• **Directions**
Once the pictures are set aside, copy the records below exactly as they stand.

*** Opening Source data ***

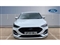 Ford Focus Image 3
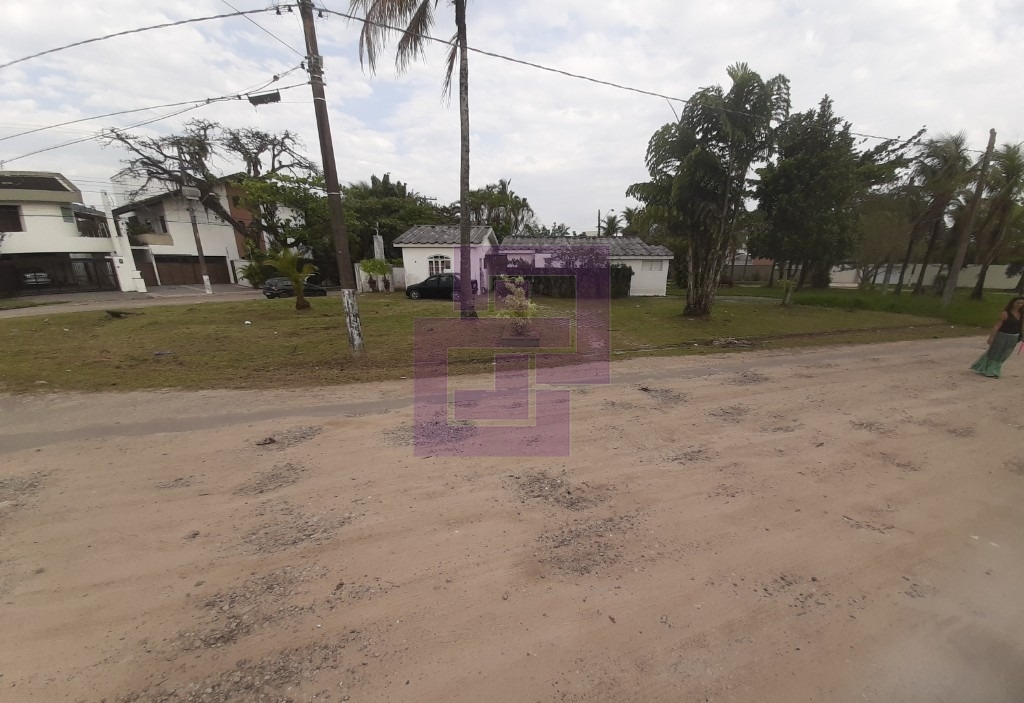 Venda de terreno / residencial na cidade de guarujá - foto 2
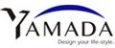 YAMADA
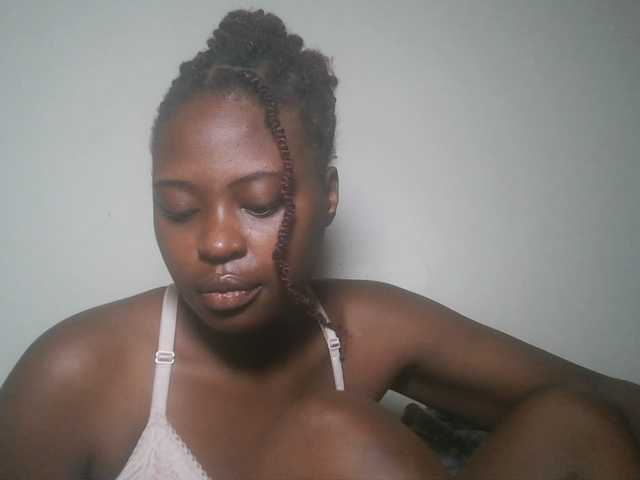 DaisyafterDark_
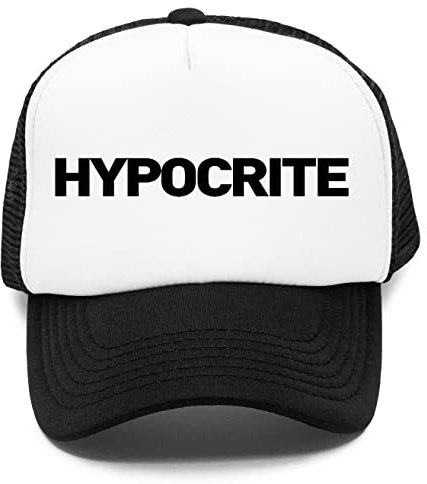 Bigfoot and Yeti Kinder Kappe Baseball Rapper Cap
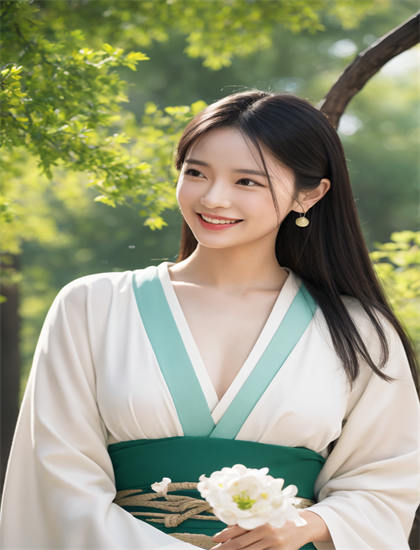 黑色电影技术揭秘：儿歌点点玩具剧场的创作历程与幕后故事 ——黑色电影的专业鉴赏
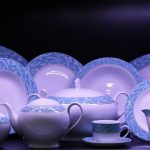 فروشگاه لوازم خانگی جهرمی در تهران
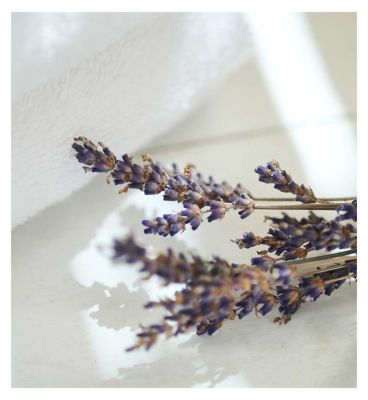 Champneys Slumber Epsom Bath Salts 1kg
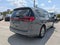 Chrysler Pacifica Limited 2023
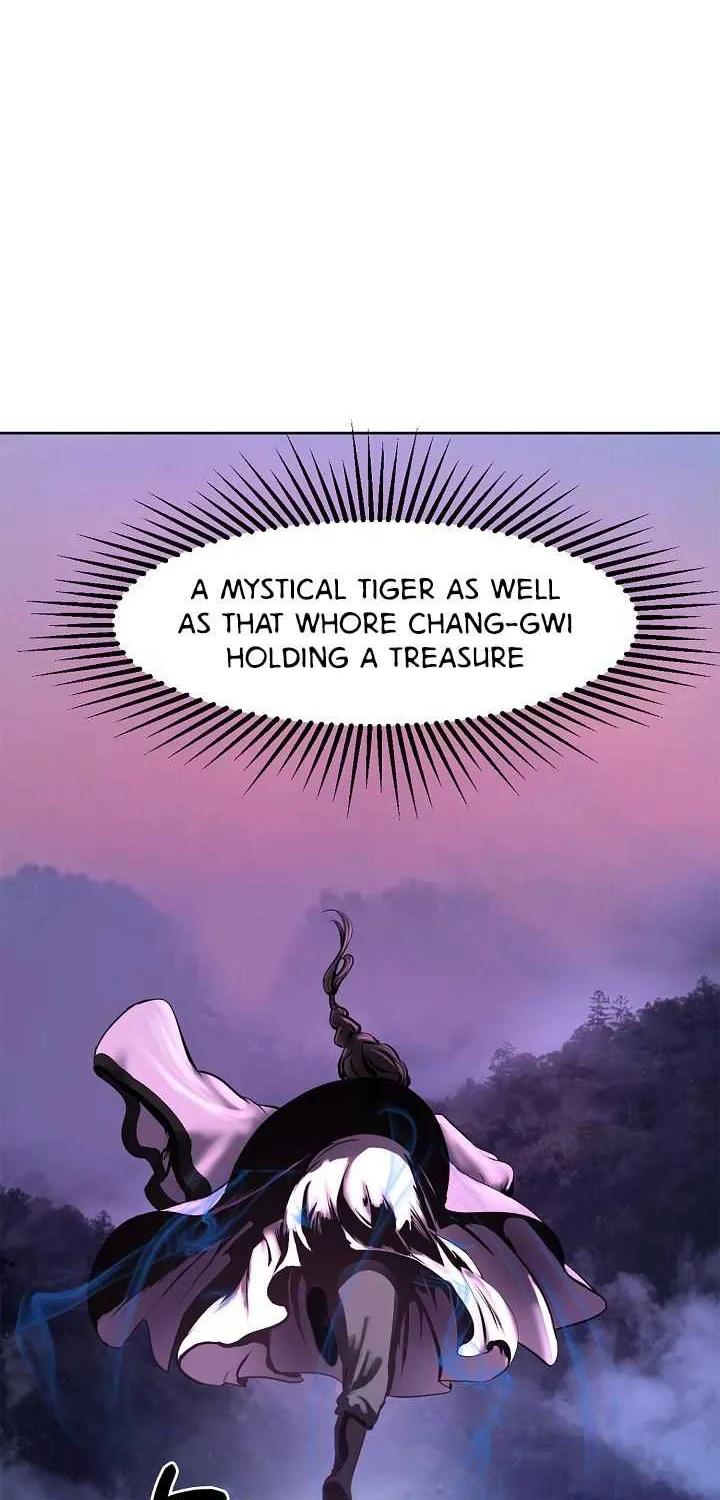 Chapter 11 — page 53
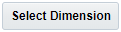 Schaltfläche "Dimension auswählen"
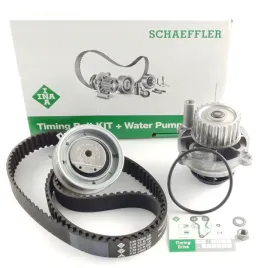 ina-rozrzad-pompa-skoda-octavia-vw-golf-iv-passat-b5-b6-1-6-100-101-102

*** Closing Source data ***

• **Reply**
 Ford Focus Image 3
 Venda de terreno / residencial na cidade de guarujá - foto 2
 YAMADA
 DaisyafterDark_
 Bigfoot and Yeti Kinder Kappe Baseball Rapper Cap
 黑色电影技术揭秘：儿歌点点玩具剧场的创作历程与幕后故事 ——黑色电影的专业鉴赏
 فروشگاه لوازم خانگی جهرمی در تهران
 Champneys Slumber Epsom Bath Salts 1kg
 Chrysler Pacifica Limited 2023
 Chapter 11 — page 53
 Schaltfläche "Dimension auswählen"
 ina-rozrzad-pompa-skoda-octavia-vw-golf-iv-passat-b5-b6-1-6-100-101-102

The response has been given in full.